Segment Start: THE INPUT
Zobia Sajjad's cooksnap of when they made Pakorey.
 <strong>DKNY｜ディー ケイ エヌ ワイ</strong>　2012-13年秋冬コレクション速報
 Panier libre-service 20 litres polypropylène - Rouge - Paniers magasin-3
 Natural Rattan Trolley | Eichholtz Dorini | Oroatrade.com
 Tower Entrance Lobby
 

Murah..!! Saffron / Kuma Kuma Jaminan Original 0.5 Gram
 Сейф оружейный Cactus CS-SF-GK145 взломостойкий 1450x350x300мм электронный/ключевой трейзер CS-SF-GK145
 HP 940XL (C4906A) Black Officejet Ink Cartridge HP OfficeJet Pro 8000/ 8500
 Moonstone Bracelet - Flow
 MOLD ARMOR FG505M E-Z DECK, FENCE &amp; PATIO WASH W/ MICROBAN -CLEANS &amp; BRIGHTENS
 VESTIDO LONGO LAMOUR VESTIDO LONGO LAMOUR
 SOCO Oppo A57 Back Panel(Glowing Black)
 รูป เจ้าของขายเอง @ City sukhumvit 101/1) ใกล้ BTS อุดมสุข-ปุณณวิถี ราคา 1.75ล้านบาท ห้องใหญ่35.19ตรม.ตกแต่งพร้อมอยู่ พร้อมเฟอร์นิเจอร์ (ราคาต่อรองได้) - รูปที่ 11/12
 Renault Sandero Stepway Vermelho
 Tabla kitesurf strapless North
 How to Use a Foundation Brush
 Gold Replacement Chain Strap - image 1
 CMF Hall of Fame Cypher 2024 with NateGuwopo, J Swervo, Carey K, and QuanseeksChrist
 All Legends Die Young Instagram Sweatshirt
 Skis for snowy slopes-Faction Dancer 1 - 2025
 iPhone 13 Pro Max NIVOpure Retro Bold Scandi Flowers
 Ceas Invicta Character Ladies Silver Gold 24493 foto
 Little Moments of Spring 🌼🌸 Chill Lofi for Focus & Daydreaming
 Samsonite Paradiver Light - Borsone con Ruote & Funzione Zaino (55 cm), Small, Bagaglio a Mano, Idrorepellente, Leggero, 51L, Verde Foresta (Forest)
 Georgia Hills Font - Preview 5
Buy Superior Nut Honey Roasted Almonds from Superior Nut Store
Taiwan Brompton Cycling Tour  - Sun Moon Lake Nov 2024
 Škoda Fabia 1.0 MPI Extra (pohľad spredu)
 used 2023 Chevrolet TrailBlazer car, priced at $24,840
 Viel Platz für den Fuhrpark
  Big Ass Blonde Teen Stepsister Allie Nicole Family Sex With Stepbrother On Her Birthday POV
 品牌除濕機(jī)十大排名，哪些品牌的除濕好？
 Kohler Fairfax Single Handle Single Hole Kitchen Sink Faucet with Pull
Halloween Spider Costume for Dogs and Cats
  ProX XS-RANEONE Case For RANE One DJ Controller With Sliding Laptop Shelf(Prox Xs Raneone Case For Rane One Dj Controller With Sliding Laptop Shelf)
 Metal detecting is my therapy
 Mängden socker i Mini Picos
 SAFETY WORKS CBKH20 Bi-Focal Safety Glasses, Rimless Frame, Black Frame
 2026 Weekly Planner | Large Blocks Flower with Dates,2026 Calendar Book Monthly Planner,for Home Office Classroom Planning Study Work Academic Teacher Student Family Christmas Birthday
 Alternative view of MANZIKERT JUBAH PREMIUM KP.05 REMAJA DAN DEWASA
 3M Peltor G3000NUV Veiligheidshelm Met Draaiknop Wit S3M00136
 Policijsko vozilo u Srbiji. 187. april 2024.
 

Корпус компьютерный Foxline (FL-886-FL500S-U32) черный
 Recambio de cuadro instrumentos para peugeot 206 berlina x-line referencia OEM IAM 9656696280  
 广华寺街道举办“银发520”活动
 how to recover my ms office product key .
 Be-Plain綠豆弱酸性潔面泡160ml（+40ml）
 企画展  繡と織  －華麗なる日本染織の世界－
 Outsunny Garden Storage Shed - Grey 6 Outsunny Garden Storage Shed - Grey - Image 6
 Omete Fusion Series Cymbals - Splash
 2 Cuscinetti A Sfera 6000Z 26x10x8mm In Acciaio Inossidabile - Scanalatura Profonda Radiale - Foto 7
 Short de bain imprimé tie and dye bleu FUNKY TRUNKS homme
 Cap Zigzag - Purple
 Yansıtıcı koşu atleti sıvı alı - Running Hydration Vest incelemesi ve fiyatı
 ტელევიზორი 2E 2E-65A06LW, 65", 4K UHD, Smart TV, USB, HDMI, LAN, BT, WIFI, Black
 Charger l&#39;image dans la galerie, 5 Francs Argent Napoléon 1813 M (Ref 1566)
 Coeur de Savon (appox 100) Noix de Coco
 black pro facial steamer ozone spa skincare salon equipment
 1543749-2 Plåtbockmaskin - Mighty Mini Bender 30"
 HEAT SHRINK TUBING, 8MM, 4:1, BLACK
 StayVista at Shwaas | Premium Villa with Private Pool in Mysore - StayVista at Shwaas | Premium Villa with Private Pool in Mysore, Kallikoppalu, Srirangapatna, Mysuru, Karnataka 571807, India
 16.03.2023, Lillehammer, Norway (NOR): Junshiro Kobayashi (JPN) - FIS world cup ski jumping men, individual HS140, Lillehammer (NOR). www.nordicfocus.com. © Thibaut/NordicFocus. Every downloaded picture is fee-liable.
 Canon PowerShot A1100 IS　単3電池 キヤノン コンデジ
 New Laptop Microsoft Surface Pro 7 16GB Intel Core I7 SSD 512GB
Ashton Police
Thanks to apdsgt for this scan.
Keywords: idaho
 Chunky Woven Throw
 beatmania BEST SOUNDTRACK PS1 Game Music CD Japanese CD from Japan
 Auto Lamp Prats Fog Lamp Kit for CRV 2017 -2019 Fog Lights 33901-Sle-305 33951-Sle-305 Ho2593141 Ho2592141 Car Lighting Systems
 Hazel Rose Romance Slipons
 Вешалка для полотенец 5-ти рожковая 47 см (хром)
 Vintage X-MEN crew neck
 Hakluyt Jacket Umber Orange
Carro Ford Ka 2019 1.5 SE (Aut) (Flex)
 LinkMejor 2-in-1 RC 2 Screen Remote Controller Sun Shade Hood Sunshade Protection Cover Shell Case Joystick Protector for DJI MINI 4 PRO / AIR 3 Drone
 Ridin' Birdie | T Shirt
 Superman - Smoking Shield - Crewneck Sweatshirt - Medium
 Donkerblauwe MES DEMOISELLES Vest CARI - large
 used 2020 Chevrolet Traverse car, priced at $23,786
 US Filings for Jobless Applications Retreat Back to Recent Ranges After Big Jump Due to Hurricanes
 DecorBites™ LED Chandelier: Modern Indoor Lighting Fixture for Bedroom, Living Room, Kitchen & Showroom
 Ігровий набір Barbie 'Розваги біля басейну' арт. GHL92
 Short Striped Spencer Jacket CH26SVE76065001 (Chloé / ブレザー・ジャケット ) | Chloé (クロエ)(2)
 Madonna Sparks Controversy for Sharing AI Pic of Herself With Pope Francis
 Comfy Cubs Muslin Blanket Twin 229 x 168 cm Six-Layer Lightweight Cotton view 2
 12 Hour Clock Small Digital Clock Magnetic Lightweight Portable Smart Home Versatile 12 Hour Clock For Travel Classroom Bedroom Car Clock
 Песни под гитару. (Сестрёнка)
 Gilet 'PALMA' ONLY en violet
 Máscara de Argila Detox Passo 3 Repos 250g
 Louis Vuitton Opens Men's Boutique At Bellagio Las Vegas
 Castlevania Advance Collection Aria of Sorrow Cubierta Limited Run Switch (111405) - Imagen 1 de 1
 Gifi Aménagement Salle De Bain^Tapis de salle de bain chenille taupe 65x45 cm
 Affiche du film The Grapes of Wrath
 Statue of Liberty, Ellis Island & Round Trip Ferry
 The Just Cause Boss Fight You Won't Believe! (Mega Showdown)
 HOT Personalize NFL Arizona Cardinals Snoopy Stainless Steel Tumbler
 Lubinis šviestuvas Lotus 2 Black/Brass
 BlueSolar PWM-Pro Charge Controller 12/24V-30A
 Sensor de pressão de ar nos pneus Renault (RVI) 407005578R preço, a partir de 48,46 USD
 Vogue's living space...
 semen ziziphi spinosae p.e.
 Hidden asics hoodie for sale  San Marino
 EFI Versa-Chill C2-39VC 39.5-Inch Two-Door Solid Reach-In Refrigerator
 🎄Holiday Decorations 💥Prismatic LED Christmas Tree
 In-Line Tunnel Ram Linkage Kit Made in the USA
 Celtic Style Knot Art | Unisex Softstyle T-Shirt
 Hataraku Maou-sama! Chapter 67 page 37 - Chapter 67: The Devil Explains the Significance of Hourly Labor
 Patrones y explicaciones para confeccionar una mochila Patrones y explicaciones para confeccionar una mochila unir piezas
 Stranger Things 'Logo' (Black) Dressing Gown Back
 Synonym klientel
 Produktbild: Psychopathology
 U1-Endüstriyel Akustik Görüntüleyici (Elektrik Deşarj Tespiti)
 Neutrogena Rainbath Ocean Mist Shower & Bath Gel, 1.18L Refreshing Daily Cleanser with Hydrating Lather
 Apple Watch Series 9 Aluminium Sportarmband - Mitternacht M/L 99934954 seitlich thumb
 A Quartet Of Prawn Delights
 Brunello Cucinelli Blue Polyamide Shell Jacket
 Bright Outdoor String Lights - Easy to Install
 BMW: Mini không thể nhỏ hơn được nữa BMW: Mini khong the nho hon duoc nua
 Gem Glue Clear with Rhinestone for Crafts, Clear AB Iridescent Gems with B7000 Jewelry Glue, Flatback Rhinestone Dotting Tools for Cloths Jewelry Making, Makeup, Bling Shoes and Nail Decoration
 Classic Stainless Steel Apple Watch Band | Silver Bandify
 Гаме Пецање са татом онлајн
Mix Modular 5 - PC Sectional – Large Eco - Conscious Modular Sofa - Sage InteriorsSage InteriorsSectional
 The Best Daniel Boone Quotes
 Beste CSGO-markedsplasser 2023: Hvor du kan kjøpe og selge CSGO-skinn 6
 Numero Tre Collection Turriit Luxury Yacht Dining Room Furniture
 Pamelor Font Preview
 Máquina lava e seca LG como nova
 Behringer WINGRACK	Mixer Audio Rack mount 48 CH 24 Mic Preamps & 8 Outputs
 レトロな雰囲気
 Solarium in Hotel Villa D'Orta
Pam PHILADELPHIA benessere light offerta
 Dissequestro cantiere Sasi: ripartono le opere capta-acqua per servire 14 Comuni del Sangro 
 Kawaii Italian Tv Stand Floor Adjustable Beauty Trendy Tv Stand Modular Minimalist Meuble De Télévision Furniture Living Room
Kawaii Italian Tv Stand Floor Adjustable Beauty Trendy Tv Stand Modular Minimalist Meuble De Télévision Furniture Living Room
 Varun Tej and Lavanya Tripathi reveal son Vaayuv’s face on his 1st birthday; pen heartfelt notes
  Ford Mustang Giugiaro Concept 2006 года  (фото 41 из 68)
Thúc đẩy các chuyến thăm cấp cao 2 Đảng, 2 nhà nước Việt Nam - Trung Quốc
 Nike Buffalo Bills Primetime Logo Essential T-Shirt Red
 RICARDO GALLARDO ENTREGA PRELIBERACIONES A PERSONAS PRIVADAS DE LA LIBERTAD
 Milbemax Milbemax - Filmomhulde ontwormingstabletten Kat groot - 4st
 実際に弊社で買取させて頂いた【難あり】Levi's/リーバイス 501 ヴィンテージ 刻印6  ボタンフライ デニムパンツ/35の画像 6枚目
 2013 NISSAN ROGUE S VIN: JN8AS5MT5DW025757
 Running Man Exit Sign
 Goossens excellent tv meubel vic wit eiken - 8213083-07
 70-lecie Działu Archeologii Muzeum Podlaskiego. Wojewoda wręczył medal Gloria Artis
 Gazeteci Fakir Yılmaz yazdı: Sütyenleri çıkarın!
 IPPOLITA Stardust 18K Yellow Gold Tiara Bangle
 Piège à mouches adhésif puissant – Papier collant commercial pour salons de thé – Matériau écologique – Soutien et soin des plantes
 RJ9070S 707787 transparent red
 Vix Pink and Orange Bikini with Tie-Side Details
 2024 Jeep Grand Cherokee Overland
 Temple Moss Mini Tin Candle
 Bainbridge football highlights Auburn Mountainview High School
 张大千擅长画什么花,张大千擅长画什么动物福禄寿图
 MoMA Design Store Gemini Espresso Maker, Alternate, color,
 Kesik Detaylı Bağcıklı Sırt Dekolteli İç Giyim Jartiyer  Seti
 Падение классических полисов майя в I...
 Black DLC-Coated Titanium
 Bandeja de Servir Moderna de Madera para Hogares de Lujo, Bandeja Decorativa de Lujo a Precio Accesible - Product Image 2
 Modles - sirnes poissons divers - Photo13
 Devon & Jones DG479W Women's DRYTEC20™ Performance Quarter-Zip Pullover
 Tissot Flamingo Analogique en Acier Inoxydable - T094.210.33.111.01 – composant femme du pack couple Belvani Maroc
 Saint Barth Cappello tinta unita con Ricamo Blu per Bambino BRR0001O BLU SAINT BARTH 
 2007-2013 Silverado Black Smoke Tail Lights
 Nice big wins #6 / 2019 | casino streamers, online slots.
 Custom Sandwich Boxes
Segment End: THE INPUT
Return, word for word, every line from the top of the entries down to the line that holds "Renault Sandero Stepway Vermelho", both included.

Zobia Sajjad's cooksnap of when they made Pakorey.
 <strong>DKNY｜ディー ケイ エヌ ワイ</strong>　2012-13年秋冬コレクション速報
 Panier libre-service 20 litres polypropylène - Rouge - Paniers magasin-3
 Natural Rattan Trolley | Eichholtz Dorini | Oroatrade.com
 Tower Entrance Lobby
 

Murah..!! Saffron / Kuma Kuma Jaminan Original 0.5 Gram
 Сейф оружейный Cactus CS-SF-GK145 взломостойкий 1450x350x300мм электронный/ключевой трейзер CS-SF-GK145
 HP 940XL (C4906A) Black Officejet Ink Cartridge HP OfficeJet Pro 8000/ 8500
 Moonstone Bracelet - Flow
 MOLD ARMOR FG505M E-Z DECK, FENCE &amp; PATIO WASH W/ MICROBAN -CLEANS &amp; BRIGHTENS
 VESTIDO LONGO LAMOUR VESTIDO LONGO LAMOUR
 SOCO Oppo A57 Back Panel(Glowing Black)
 รูป เจ้าของขายเอง @ City sukhumvit 101/1) ใกล้ BTS อุดมสุข-ปุณณวิถี ราคา 1.75ล้านบาท ห้องใหญ่35.19ตรม.ตกแต่งพร้อมอยู่ พร้อมเฟอร์นิเจอร์ (ราคาต่อรองได้) - รูปที่ 11/12
 Renault Sandero Stepway Vermelho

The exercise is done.